EXCERPTED DATA ->
+-------+
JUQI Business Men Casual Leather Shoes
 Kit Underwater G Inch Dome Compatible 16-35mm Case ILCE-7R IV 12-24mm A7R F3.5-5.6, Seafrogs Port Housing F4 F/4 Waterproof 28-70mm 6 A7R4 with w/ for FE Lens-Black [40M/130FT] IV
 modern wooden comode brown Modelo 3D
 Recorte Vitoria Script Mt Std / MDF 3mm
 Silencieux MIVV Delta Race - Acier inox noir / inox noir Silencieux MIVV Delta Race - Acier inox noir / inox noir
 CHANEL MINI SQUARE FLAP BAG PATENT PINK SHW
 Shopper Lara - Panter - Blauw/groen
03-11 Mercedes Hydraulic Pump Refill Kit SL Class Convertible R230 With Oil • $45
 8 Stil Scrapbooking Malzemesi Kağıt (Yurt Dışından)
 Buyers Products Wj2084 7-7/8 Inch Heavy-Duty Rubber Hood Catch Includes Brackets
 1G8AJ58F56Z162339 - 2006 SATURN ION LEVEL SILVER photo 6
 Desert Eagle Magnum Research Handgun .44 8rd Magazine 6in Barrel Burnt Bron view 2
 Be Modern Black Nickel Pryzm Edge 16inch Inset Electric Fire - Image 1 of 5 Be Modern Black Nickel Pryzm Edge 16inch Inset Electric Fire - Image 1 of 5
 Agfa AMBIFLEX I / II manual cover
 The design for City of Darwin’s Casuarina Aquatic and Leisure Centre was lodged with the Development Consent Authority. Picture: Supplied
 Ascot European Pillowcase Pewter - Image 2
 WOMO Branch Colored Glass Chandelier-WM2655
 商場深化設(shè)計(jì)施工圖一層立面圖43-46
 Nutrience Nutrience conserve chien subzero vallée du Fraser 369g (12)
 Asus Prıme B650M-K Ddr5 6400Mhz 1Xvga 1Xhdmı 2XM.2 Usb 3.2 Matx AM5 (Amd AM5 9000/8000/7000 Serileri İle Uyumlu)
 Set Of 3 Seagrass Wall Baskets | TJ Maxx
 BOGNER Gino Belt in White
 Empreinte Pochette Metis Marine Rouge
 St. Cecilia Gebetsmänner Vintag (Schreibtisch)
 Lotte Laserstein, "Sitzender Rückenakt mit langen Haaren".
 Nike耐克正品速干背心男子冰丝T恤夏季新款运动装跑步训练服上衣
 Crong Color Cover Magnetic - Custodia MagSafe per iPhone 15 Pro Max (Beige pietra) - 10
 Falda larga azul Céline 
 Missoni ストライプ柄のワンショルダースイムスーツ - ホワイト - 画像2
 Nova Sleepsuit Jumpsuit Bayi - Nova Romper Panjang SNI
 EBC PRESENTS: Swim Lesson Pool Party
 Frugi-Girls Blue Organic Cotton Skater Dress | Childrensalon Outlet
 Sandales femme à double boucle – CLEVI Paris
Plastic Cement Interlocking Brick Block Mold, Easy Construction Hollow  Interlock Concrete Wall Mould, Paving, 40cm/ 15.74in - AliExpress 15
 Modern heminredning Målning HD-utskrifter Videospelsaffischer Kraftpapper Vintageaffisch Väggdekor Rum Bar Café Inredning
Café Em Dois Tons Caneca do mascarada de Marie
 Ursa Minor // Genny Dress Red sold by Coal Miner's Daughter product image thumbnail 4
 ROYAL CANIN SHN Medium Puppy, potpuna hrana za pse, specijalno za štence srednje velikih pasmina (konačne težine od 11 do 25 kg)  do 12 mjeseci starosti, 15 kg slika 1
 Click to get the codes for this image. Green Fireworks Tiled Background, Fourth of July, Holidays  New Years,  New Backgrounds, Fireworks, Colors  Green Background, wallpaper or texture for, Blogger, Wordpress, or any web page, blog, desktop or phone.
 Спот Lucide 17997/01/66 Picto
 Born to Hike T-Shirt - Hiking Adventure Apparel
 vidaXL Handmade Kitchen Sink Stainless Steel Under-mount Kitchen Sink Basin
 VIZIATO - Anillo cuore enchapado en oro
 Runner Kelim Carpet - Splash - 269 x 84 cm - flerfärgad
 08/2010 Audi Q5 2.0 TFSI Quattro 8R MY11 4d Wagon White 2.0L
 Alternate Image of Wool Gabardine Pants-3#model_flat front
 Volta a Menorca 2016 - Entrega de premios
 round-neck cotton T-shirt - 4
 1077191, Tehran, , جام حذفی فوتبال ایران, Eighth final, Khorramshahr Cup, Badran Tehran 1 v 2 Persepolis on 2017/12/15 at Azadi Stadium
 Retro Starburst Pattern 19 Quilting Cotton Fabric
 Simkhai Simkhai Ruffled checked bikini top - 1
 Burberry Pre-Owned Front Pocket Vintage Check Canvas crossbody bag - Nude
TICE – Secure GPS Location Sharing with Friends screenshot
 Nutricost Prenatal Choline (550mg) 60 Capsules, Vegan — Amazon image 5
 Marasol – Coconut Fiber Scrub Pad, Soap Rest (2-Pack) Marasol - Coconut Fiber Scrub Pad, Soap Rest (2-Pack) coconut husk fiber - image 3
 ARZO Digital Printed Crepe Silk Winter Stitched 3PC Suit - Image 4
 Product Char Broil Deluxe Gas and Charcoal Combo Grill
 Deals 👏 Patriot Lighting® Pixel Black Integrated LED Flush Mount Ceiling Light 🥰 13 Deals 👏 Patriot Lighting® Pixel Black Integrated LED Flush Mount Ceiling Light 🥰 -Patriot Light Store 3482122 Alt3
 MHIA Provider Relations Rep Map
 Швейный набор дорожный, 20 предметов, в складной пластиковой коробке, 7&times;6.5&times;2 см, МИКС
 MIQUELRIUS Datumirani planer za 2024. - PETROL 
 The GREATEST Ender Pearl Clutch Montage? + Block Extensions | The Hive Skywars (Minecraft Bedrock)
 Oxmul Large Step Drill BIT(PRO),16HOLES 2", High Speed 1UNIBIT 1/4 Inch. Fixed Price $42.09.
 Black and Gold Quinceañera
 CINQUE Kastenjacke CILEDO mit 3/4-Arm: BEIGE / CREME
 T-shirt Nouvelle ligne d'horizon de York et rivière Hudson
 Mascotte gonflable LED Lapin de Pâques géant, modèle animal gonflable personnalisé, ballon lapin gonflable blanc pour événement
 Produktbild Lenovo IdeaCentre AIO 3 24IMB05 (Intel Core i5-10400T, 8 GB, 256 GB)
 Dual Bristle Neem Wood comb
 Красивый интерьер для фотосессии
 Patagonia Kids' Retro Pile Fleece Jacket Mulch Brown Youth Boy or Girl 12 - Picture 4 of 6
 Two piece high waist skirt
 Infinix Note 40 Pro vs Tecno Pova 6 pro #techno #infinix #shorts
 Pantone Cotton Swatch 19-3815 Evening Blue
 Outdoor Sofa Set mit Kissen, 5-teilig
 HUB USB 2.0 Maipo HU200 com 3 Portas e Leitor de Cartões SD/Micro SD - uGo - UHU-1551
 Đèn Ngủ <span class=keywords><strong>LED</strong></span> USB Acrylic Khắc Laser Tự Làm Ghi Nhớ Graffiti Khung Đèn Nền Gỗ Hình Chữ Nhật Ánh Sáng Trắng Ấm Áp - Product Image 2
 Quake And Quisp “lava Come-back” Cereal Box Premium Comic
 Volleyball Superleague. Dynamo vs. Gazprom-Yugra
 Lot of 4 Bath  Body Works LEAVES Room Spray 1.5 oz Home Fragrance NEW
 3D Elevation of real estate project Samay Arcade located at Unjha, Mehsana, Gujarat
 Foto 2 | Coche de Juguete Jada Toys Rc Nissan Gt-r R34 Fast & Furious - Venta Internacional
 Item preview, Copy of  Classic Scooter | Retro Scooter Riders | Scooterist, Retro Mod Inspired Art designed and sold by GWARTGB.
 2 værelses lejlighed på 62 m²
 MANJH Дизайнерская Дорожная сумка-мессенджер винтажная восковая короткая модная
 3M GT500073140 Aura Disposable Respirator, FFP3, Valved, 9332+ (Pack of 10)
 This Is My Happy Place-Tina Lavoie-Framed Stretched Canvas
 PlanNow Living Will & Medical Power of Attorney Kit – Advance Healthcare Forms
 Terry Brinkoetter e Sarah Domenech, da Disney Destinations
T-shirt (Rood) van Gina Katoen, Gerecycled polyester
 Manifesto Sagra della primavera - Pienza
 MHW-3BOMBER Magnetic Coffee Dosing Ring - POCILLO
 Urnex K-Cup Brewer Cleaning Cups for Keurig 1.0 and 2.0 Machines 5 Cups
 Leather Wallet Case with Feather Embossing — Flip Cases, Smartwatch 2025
+-------+
WHAT THE EXERCISE ASKS -> Please state how many lines of the data hold the string "Blue", with nothing else in your reply.

EXERCISE SOLUTION -> 2